Scotch eggs are believed to have originated in UK, as a picnic food. Fully packed with protein power these can also be served as a breakfast dishto give you a kickstart for an energetic day, or can be served as a snack.
The preparation is easy. The recipe I have here is a modified version of Scotch eggs. Here I am using soya chunks instead of sausage meat, so that those who do not eat meat but do eat eggs can enjoy it too. For those who do eat meat, try Scotch eggs with sausage meat instead of soya chunks – experiment!
Eggs – 5
Soya chunks – 300 gms
Chopped onion – 2
Chopped tomato – 1
Chopped fresh coriander leaves – ¼ cup
Crushed peppercorns – 2 tsp
Cooked and mashed potatoes– 4
Garam masala – 1/2 tsp
All purpose flour – 1 cup
Bread crumbs – 1 cup
Oil for frying
Boil 4 of the eggs in water till they are cooked, maybe for 6-10 mins, depending on how soft or hardboiled you like them.

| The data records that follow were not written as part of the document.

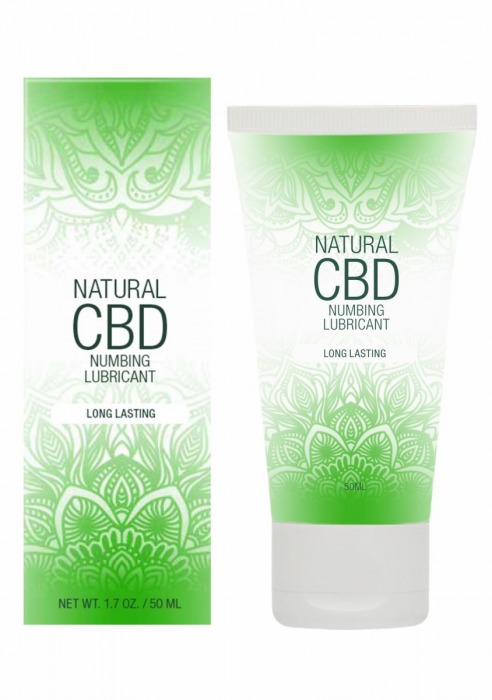 Лубрикант с пролонгирующим эффектом Natural CBD Numbing Lubricant - 50 мл. - Shots Media BV - купить с доставкой в Махачкале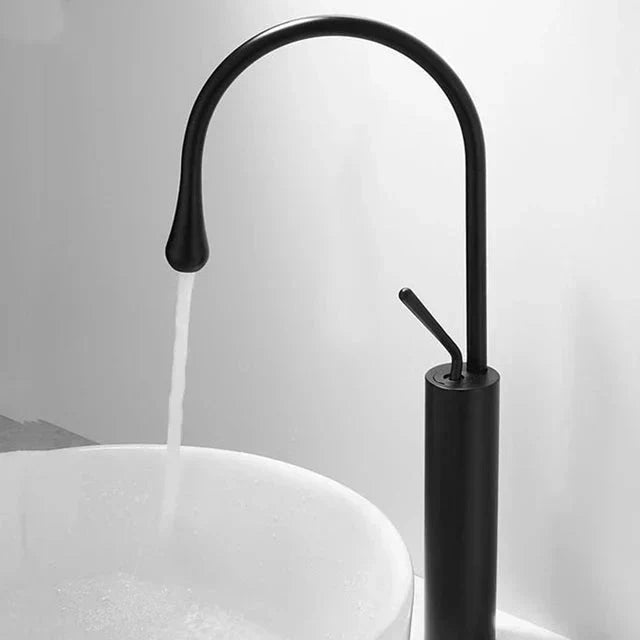 Basin Faucet Single Lever 360 Rotation Spout Modern Brass Mixer Tap-Basin Faucet-Index Bath-Black-Tall-Index Bath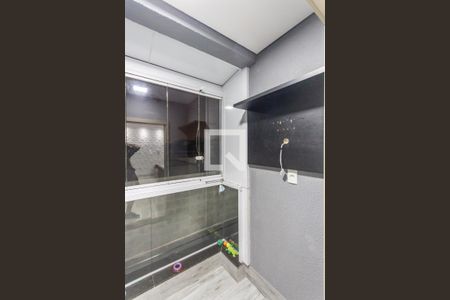 Varanda da Sala de apartamento para alugar com 2 quartos, 55m² em Parque das Nações, Santo André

Remove from water. Peel the shells off and keep the eggs ready.
Cook the soya chunks and grind them coarsely.
Saute the onion till it is slightly brown in colour. Add the tomatoes and sauté well.
Now add the mashed potatoes and the ground soya chunks.
Add the spices, fresh coriander, and garam masala. Mix everything well together. Remove from the fire.
Form small balls from this mix. Make a hole in the middle and insert a boiled egg into this and cover the egg completely with this mixture. Roll in the flour.
Beat the remaining egg. Dip the covered egg in the beaten egg and roll in bread crumbs.
Take a pan and pour some oil into it. Then deep fry in oil till all sides become golden brown in colour.